# Work to complete
Reproduce, word for word, the lines in the material below starting with the one that has "To create one, simply" and going on through the one that has "Number eight: how". Leave out all pictures.

──────────────────────────────

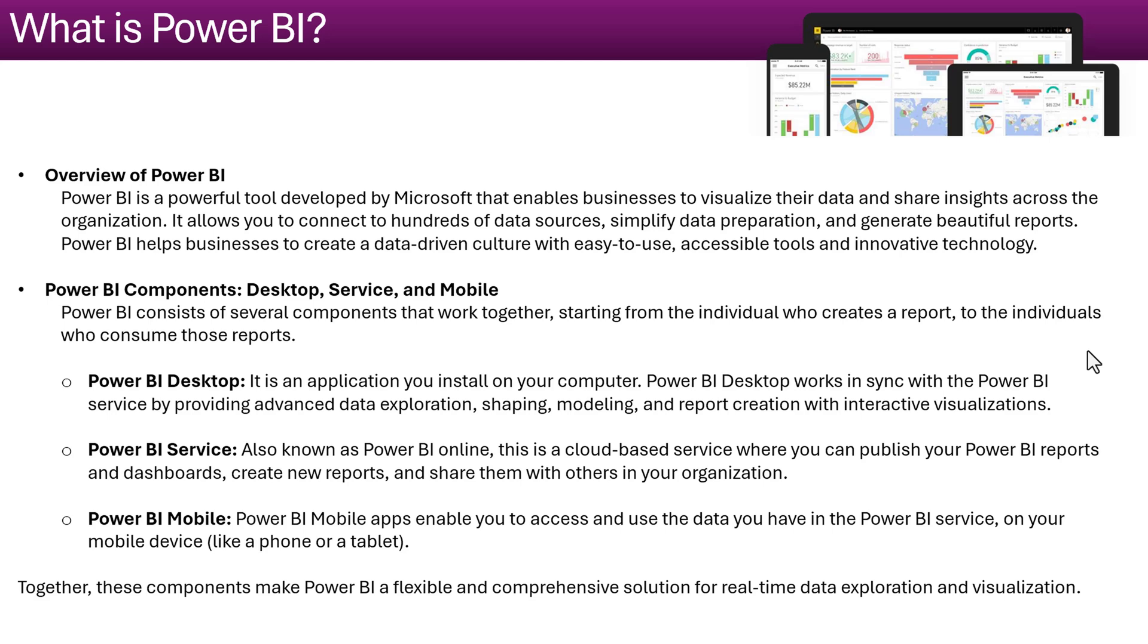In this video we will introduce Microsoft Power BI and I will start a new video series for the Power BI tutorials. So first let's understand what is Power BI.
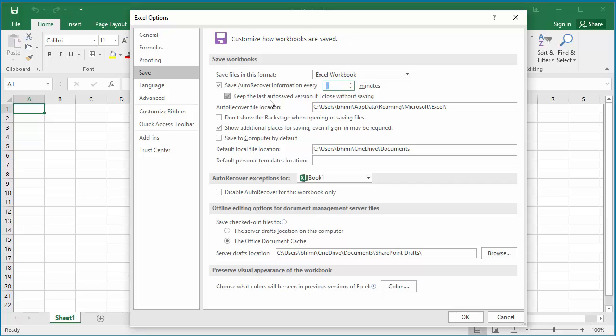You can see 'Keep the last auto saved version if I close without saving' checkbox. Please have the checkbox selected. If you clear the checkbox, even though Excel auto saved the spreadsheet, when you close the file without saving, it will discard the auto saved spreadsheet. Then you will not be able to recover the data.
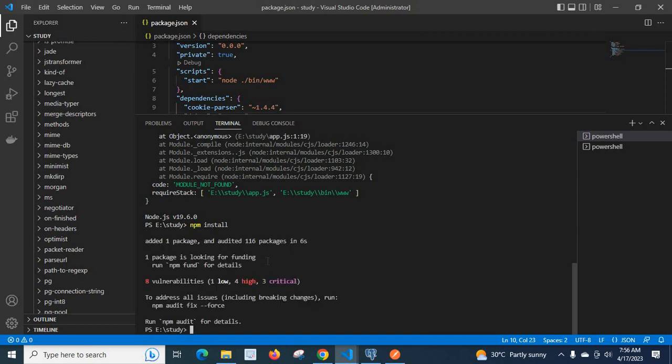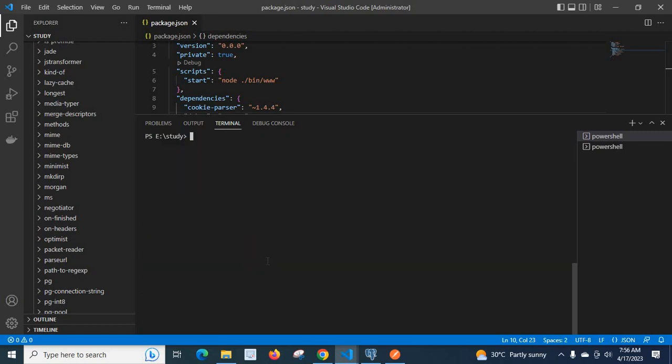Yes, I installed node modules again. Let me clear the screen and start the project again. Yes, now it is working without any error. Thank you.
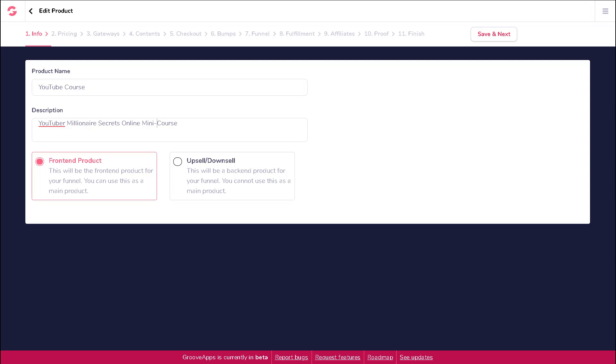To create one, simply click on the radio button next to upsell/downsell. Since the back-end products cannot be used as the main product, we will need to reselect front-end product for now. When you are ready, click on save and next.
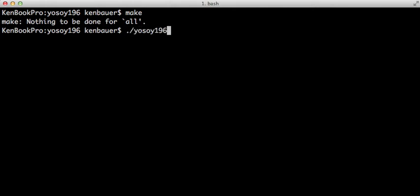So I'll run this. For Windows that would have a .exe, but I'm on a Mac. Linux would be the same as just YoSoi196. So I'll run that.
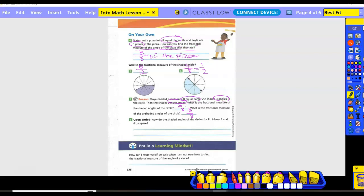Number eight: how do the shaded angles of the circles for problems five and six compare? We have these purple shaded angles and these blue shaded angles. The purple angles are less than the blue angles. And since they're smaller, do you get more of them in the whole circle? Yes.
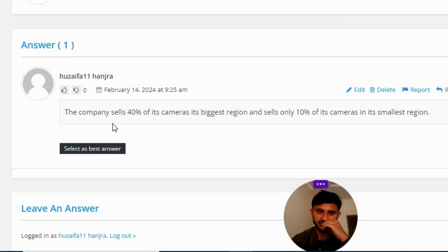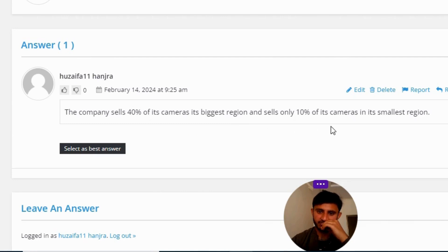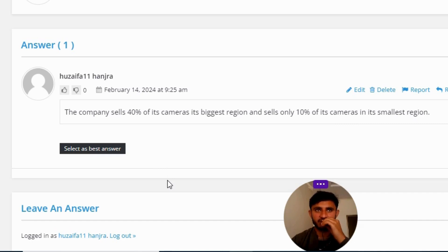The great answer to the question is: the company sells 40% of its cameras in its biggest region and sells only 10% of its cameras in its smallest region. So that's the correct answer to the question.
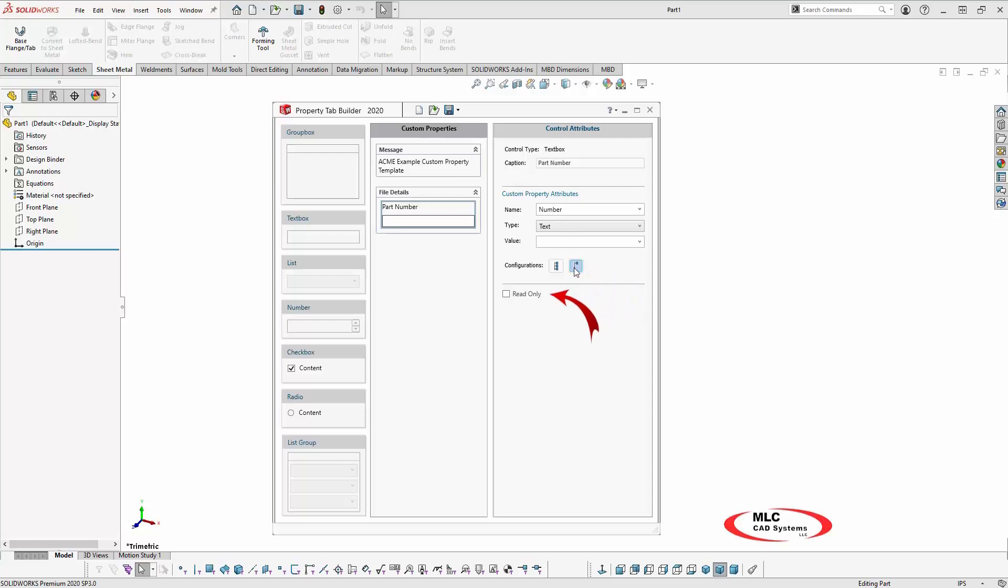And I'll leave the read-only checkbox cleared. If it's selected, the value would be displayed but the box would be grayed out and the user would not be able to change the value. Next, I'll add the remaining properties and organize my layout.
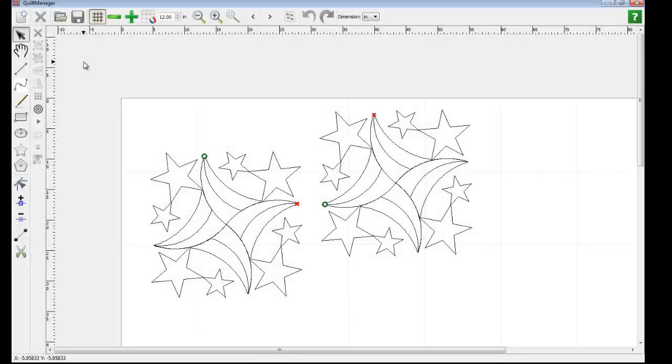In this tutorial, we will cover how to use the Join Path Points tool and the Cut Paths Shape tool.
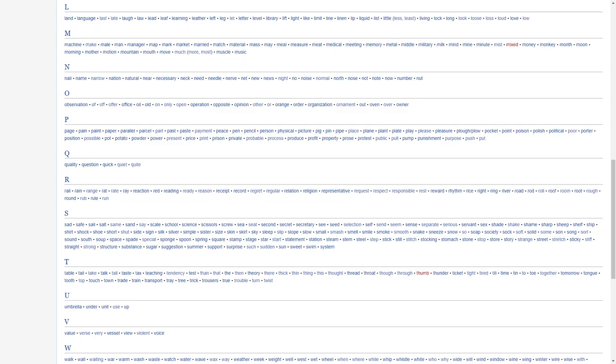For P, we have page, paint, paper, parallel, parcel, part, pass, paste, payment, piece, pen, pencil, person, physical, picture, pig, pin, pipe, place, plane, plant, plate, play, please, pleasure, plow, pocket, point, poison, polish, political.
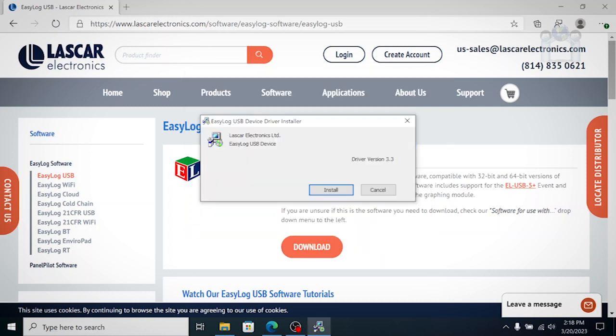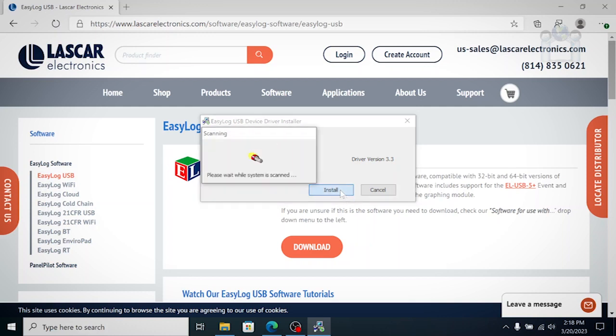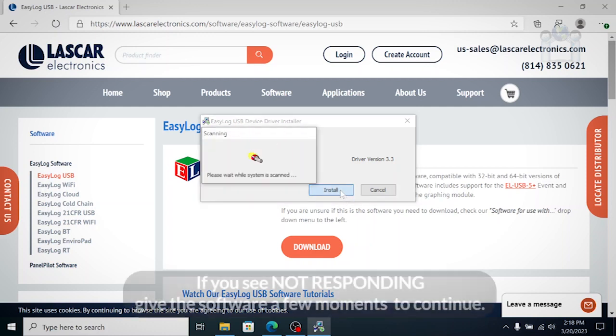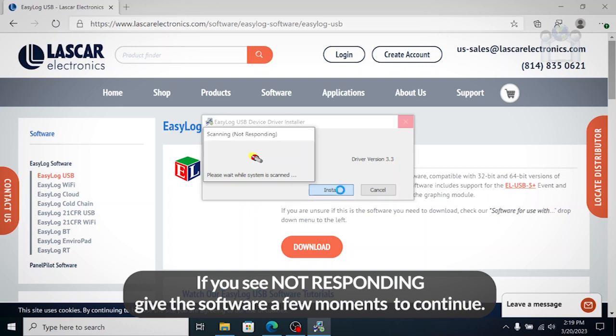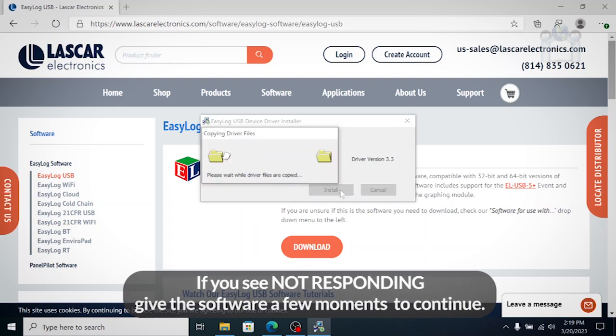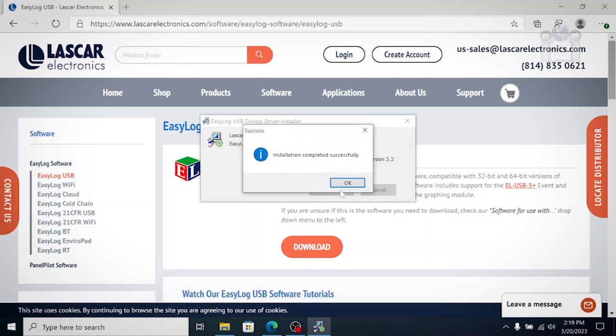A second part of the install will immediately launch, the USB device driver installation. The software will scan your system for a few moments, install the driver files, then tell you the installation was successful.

──────────────────────────────

# Exercise result
To create one, simply click on the radio button next to upsell/downsell. Since the back-end products cannot be used as the main product, we will need to reselect front-end product for now. When you are ready, click on save and next.
So I'll run this. For Windows that would have a .exe, but I'm on a Mac. Linux would be the same as just YoSoi196. So I'll run that.
Number eight: how do the shaded angles of the circles for problems five and six compare? We have these purple shaded angles and these blue shaded angles. The purple angles are less than the blue angles. And since they're smaller, do you get more of them in the whole circle? Yes.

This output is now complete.